No serious person thinks random guys with guns stalking Niagara Falls or the Rio Grande are going to make the country safer. On the contrary, in addition to all of our other national security worries, Americans now have to fret for the safety of these clowns, who have been condemned by President Bush as "vigilantes." Because, odds are, the only people they'll end up shooting will be one another.
And I say that not only as a namby-pamby liberal writing for the most uppity newspaper in the world, but also as the daughter of a gunsmith, a man who was so persnickety about the very real danger of firearms' tendency to just go off that he practically made my sister and me don hunter orange just to play with squirt guns.
It's worth remembering that no one knows who fired that "shot heard round the world" at Lexington. What probably happened was that one man got nervous and accidentally pulled the trigger on his musket. (Longfellow meant to put that at the end of "Paul Revere's Ride," but he couldn't find a decent rhyme for "uh-oh.")
The wonderful spirit of the old Minutemen -- their amateurish gumption, their do-it-yourself defiance -- can occasionally be ominous when inspiring latter-day gunmen, but glorious with regard to art. The police have way too many half-cocked rule-breakers to deal with; pop music, though, can never have enough.
"We Jam Econo," Tim Irwin's lovable documentary about the lovable 80's punk band called the Minutemen is making the rounds of film festivals and revival houses this summer. It's nice to revisit the hullabaloo of their songs. And watching the bassist, Mike Watt, driving his van around his California hometown, San Pedro, and pointing at Minutemen landmarks is like listening to a fascinating Concord park ranger lead a tour across North Bridge. "We were minute men," Watt says.
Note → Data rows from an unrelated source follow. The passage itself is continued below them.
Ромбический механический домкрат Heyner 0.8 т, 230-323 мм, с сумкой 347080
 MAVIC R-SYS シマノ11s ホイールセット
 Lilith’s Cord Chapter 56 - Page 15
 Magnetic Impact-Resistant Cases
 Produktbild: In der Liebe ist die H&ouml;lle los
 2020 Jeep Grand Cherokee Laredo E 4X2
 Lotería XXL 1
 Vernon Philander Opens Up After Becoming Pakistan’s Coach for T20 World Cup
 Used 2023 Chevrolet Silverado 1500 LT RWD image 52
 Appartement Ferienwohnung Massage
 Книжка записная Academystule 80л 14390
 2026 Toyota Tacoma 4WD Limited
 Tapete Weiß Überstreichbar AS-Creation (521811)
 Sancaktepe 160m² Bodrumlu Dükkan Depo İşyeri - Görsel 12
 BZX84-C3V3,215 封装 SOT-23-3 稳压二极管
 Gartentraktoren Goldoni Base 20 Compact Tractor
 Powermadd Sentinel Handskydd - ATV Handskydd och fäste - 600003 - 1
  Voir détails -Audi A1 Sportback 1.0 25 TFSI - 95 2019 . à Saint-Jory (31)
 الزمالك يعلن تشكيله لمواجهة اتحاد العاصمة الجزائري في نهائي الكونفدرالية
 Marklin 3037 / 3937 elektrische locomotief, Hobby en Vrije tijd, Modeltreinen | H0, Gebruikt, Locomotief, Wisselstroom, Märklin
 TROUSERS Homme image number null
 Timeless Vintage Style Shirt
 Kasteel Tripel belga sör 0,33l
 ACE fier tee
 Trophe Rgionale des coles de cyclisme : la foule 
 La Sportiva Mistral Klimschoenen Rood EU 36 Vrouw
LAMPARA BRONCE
That's my-NOOT men -- a little homemade band, not the slick Redcoats of arena rock.
Watt and the guitarist, D.Boon, are two men Sam Adams could have had a beer with. Their idealism, their humor and decency, is spellbinding. Their friend Nels Cline points out that Boon used so much treble in his guitar as "a political decision" -- to distinguish his sound from Watt's bass, like two "sovereign states." Egalitarian timbre!
Then there's the story of their album "Double Nickels on the Dime," a jab at Sammy Hagar's "I Can't Drive 55." Watt recalls, "We said, 'Well, we'll drive 55 and be crazy with the music instead of crazy with the cars."'
The best part of the film, and the most heartbreaking, is when Watt walks around the park where he met Boon, a childhood friend who died in a car accident in 1985. "I was quite smitten with him," Watt remembers. "He was playing army and he fell out of a tree on me."
As he stares at the very tree, it occurs to me that playing army when you're 13 is fine. Grown men playing army on the Mexican border? No, thanks.